A young man’s journey to becoming a grand master

For onlookers, chess may seem like a simple two-player board game played on an 8×8 grid with 64 black and white squares. One might say that there is nothing significant about watching players get lost in their own world of pawns knights, bishops, rooks and king and queens but chess is more than what meets the eyes — a game of strategy that requires a high level of cunning if one wishes to become a grand master.
Chess is often said to be the game of life where the queen protects the king and the final goal is to capture the opponents king. It is also game of tact that requires one to play with a calm and composed mind, making sure to make the right choices and intercept his opponents moves to make the final ‘Check Mate’.
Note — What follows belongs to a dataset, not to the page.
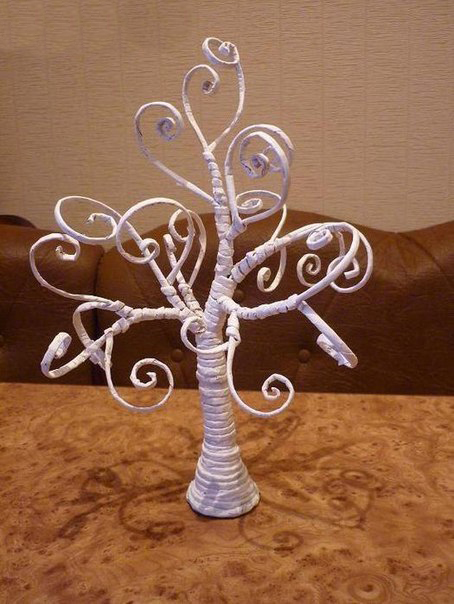 Красивое дерево из бумажных трубочек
Savielly Tartakower, the famously known chess journalist and author once said, “The winner of the game is the player who makes the next-to-last mistake” and making very few mistakes is what a12-year-old boy from Muscat is doing. He is now slowly but steadily climbing the ladder to someday become the next Grand Master.
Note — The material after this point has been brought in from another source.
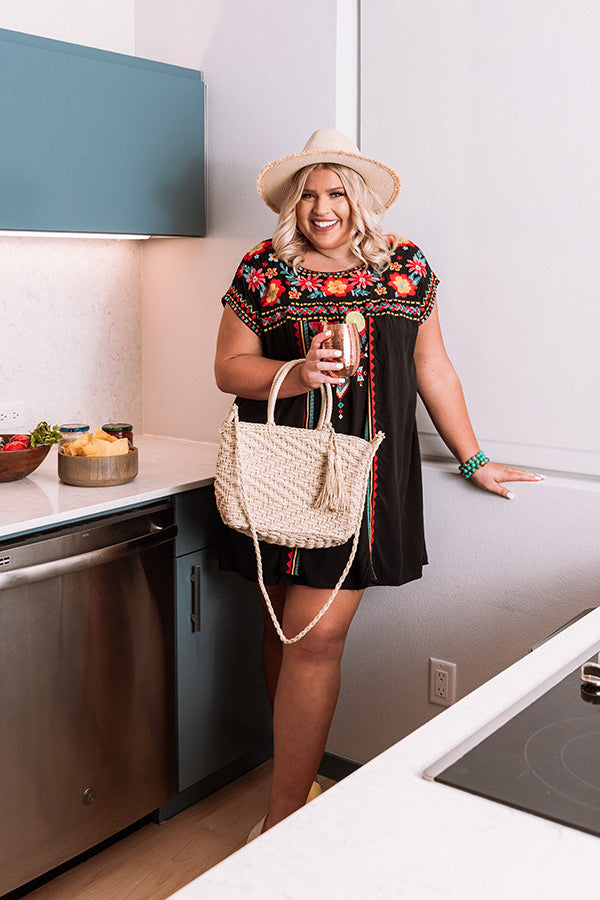 Coastal Service Embroidered Dress   Curves Image - 2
Jijo Joy, studying in grade 7 in Indian School Wadi Kabir, has gained the attention of those in Oman and abroad with his impressive gameplay and knack for chess at such a young age.
Like some of his peers, Jijo loves swimming and reading books in his spare time but it is chess that he is utterly in love with.
Jijo first started playing chess at the tender age of six after his uncle introduced him to the game. He easily grasped the working of the game and quickly built interest and developed his own tactics. Before his parents knew it, he was competing and winning in local games and tournaments in his community and school.
Jijo’s parents saw a unique skill in him and just like any other responsible parent, they think it is their rightful duty to support and encouraged him do even better in his hobby. The Joys are going all the way supporting their son even when he decides to go professional.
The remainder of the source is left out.